Selectmen will meet with cabbies and owners of the three area cab companies in April and create an amendment to the 2010 taxi law, which currently only levies a $25 annual fee for cabbie licenses.
In February 2010, selectmen added several changes to Rumford's taxi law and voters approved them.
Among them, cabbies are required to apply at the police station for a yearly license enabling them to drive taxis. Additionally, they must pay $25 each, which covers the cost of a criminal history background check.
At that time, Maine wasn't charging for such checks, but is now.
Police Chief Stacy Carter briefed selectmen on the $22 fee.
To recoup it, Carter suggested that selectman increase the $25 fee to $47 by having cabbies pick up the cost of the background checks.

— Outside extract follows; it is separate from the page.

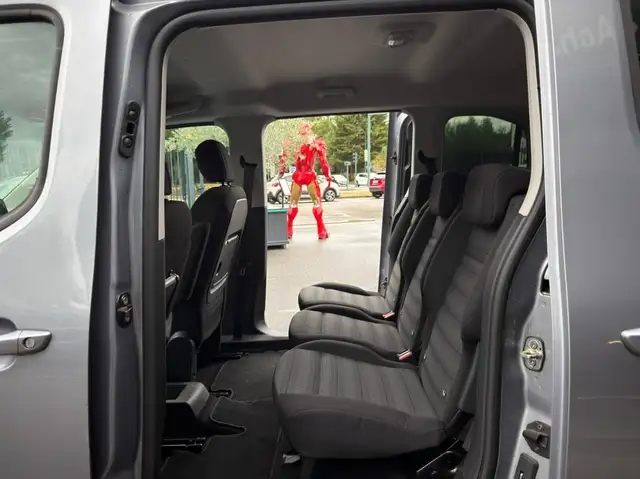 Opel Combo view 11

The town, he said, shouldn't have to pay the $22 because cabbies work for private businesses.
Cabbies and cab company owners argued that isn't fair to them when they're trying to supplement their incomes and grow their businesses.
Town Manager Carlo Puiia said Rumford didn't change the rule; the state did.
“So the state is forcing the town to pay this fee, and either we absorb that cost somewhere, or we pass it on to the user, which in this case is the licensee,” Puiia said.
“It's nothing we wanted to do,” he said.
Jessica Corriveau of Rumford argued against the $22 fee and the wait for approval.
Five weeks ago, she said she applied for a cabbie license to drive for Roadhog Express. It has yet to be approved.
“I don't have a problem with paying the $25 fee, but as of yesterday, it was five weeks and I don't have any major driving offenses,” Corriveau said.
“In '97, I got a speeding ticket and it was not criminal speed, but I'm still waiting, and like the gentleman before me said, we are a small town and not like Lewiston-Auburn.
“They have other options and modes of transportation for the public,” she said. “In this small town, we as cab drivers are the only ones for transportation for a lot of the elderly and disabled, etc., and to add that extra fee above the $25, why should we have to pay for that?
“Like the gentleman before me said, we don't make a lot off (driving cabs), and a lot of times, we don't get tips. We're just trying to supplement incomes or make a living, so why should it be added on to us who are helping others?” she asked
“Thank you. Well said,” Selectmen Chairman Greg Buccina said.
Courtesy Cab owner John Merchant of Mexico argued that charging the extra fee is unfair.
“We're the ones that get assaulted, we're the ones that get robbed,” Merchant said.
Resident Kevin Saisi told selectmen to “do some common sense” and raise the $25 fee to $30.
Chief Carter said he appreciates all that taxicab services do.
“They certainly take the OUIs off the street,” he said.
After more discussion, Buccina motioned to absorb the cost for now and work to change the taxi ordinance in April for town meeting approval in June.
It was approved 4-1 with Selectman Brad Adley dissenting.